The NBA Players with the Most Career Blocks
NBA Stats and Records
A timely block can change the course of an NBA game and completely deflate the opposition, so it’s a very influential statistic. During the long history of the NBA, some defensive greats have mastered the art of the block, and they’ve become legendary players in basketball lore because of it. Get Free NBA Picks and NBA Predictions for every game all season long at Sports Chat Place.
These are the NBA players with the most career blocks.
1. Hakeem Olajuwon, 3,830 (1984-2002) - It makes sense that a guy nicknamed “the Dream” heads up our NBA career blocks list. Olajuwon played almost his entire career in Houston (and one season in Toronto), racking up two NBA championships, 12 All-Star selections, two NBA Defensive Player of the year awards and an MVP in 1994. He managed 26,946 points and 13,747 rebounds during his career and won gold at the 1996 Olympics.
2. Dikembe Mutombo, 3,289 (1991-2009) - Mutombo is pretty much universally adored among NBA fans due to his jovial demeanor and his impressive on-court skills. During his career, he played for six different teams, logging eight All-Star selections, four NBA Defensive Player of the Year awards and an NBA All-Rookie First Team nod. Mutombo scored 11,729 points and had 12,359 rebounds during his Hall-of-Fame career.
3. Kareem Abdul-Jabbar, 3,189 (1969-1989) - Abdul-Jabbar is regarded as one of the all-time greats in the world of basketball, and with a resume that’s a mile long it’s difficult to argue that sentiment. Abdul-Jabbar won six NBA championships, six MVP awards, 19 NBA All-Star selections, five NBA All-Defensive First Team nods and a Rookie of the Year. He scored 38,287 points with 17,440 rebounds during his legendary playing career.
4. Mark Eaton, 3,064 (1982-93) - Eaton’s offensive game was average at best, but he really excelled on the defensive side. He set records for most blocks in a season (456) and career average blocked shots per game (3.50) during his 11-year NBA career, all spent with the Jazz. Eaton made the All-Star team in 1989 and his number (53) was retired by Utah.
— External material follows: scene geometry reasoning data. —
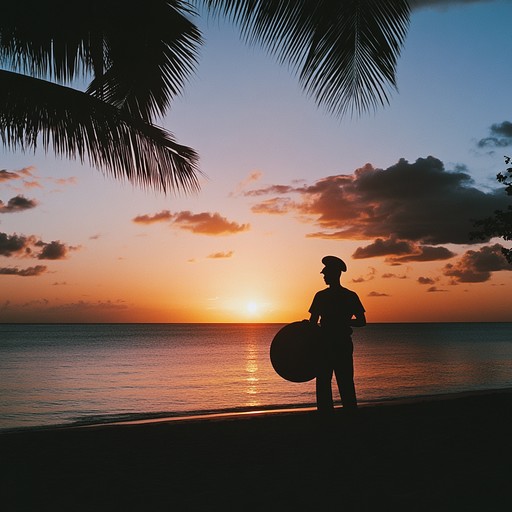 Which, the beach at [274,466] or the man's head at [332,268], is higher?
the man's head at [332,268]

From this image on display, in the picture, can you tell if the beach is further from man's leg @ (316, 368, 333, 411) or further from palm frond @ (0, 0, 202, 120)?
palm frond @ (0, 0, 202, 120)

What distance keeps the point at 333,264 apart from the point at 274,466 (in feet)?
7.23

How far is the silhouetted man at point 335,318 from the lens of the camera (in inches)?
249

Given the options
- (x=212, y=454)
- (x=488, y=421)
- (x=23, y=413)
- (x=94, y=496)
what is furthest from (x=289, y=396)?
(x=94, y=496)

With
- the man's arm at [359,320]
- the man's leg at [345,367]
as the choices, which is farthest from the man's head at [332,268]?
the man's leg at [345,367]

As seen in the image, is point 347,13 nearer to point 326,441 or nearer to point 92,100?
point 92,100

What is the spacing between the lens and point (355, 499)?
3.96 m

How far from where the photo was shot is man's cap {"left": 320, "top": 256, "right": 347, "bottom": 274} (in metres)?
6.36

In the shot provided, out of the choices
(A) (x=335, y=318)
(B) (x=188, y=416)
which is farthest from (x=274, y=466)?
(B) (x=188, y=416)

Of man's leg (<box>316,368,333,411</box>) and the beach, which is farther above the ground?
man's leg (<box>316,368,333,411</box>)

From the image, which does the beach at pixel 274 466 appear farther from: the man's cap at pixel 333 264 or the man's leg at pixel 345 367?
the man's cap at pixel 333 264

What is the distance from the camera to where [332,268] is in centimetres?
636

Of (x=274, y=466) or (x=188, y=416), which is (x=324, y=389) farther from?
(x=188, y=416)

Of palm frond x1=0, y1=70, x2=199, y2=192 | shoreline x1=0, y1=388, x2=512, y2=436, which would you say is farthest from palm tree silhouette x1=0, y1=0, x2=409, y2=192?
shoreline x1=0, y1=388, x2=512, y2=436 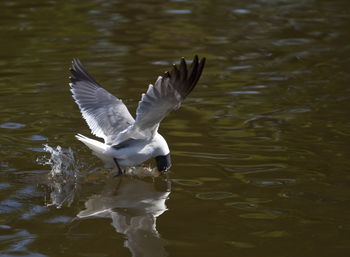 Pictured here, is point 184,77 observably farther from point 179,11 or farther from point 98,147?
point 179,11

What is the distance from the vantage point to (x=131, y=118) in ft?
24.9

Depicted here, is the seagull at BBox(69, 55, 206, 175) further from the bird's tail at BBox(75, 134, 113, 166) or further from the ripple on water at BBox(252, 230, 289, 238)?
the ripple on water at BBox(252, 230, 289, 238)

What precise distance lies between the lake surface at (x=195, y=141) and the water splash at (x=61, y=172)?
0.02 metres

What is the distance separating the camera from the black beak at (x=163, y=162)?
7270mm

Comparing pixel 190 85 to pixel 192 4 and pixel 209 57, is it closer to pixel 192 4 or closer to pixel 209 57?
pixel 209 57

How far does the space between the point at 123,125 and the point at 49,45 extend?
6.02 meters

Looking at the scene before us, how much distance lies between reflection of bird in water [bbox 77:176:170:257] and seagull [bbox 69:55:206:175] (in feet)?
0.78

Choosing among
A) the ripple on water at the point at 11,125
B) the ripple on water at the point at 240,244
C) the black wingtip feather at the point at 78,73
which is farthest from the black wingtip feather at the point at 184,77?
the ripple on water at the point at 11,125

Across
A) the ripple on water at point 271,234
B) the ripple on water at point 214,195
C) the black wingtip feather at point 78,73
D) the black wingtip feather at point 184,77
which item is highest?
the black wingtip feather at point 184,77

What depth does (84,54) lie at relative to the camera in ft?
40.3

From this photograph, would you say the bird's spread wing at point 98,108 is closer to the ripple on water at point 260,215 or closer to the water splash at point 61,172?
the water splash at point 61,172

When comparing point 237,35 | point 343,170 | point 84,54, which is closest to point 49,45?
point 84,54

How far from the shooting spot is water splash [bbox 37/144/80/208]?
7202mm

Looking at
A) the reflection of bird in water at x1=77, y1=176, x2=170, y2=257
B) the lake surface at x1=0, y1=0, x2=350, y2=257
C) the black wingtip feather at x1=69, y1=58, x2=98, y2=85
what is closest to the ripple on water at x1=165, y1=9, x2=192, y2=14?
the lake surface at x1=0, y1=0, x2=350, y2=257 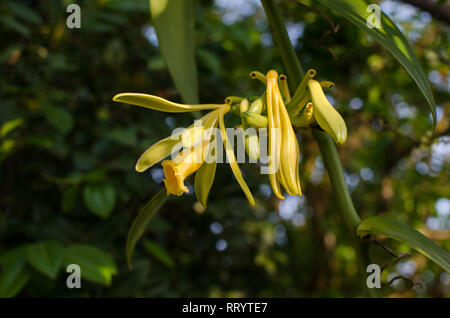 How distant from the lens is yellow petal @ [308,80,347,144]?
0.31m

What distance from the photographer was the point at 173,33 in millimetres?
457

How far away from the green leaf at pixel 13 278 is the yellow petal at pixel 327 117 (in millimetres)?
506

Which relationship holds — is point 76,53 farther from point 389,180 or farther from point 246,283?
point 389,180

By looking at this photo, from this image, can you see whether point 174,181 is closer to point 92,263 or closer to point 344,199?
point 344,199

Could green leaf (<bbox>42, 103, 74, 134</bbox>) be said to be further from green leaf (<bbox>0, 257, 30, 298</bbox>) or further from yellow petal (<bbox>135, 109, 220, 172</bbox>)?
yellow petal (<bbox>135, 109, 220, 172</bbox>)

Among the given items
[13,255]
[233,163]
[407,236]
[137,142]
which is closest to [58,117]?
[137,142]

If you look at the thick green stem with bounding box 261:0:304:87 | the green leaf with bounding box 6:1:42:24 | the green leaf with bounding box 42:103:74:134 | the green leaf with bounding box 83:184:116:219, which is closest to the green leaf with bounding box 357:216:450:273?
the thick green stem with bounding box 261:0:304:87

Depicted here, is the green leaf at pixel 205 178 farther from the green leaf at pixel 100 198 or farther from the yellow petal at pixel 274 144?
the green leaf at pixel 100 198

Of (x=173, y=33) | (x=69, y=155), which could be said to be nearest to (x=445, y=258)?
(x=173, y=33)

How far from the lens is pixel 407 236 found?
30cm

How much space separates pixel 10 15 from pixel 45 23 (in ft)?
0.45

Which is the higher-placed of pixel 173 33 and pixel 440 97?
pixel 440 97

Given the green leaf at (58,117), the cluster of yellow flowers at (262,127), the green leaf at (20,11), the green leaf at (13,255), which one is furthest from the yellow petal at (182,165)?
the green leaf at (20,11)

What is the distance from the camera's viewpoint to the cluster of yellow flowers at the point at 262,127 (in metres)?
0.33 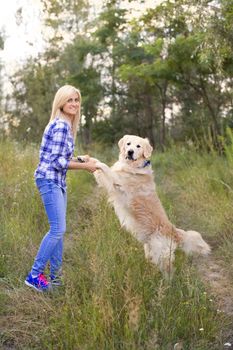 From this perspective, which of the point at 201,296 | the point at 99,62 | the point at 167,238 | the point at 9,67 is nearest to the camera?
the point at 201,296

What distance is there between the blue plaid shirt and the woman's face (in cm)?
18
5. Tim Duncan, 3,020 (1997-2016) - Duncan is one of the greatest players of the modern basketball era, and after spending his entire career in San Antonio he’s beloved by Spurs fans. He won five NBA championships during his playing days, along with two MVP awards, 15 All-Star nods and 10 All-NBA First Team selections. Duncan scored 26,496 points during his career and won a bronze medal at the 2004 Olympics.
6. David Robinson, 2,954 (1989-2003) - Along with Duncan, Robinson was the other key player for the Spurs during their dominant run at the turn of the century. As a player, Robinson won two NBA championships, an MVP, a scoring championship and was a 10-time All-Star. He scored 20,790 points with 10,497 rebounds during his career and has three Olympic medals (two golds and a bronze).
7. Patrick Ewing, 2,894 (1985-2002) - The Ewing years were a golden era for Knicks basketball, as his dominant on-court play gave New York City perennial hope each season. Though he also had one-year stints in Seattle and Orlando, Ewing is best remembered as a Madison Square Garden fixture, racking up 11 All-Star selections and a Rookie of the Year award. He won two Olympic gold medals and a gold at the Americas Championship as well.
8. Shaquille O’Neal, 2,732 (1992-2011) - Everybody loves Shaq. After taking the league by storm in 1992, O’Neal would go on to play for six different teams, collecting four NBA championships, 15 All-Star selections, an NBA Rookie of the Year and eight All-NBA First Team nods. He won gold in the 1994 FIBA World Cup and again at the 1996 Olympics in Atlanta.
9. Tree Rollins, 2,542 (1977-95) - Rollins isn’t quite as universally recognized as some of the other names on this list, but his resume is solid nonetheless. He played for five teams during his NBA career, bagging NBA All-Defensive First Team honors in 1984. Rollins has a gold medal from the 1975 Pan American Games and his number (30) was retired by Clemson.
10. Robert Parish, 2,361 (1976-97) - Parish played for four different NBA teams during his career, but he’s most well-remembered as a Celtic. His number (00) was retired in Boston after Parish notched four NBA championships, nine All-Star selections, 23,334 points and 14,715 rebounds during his time on the court. He made the Naismith Basketball Hall of Fame in 2003.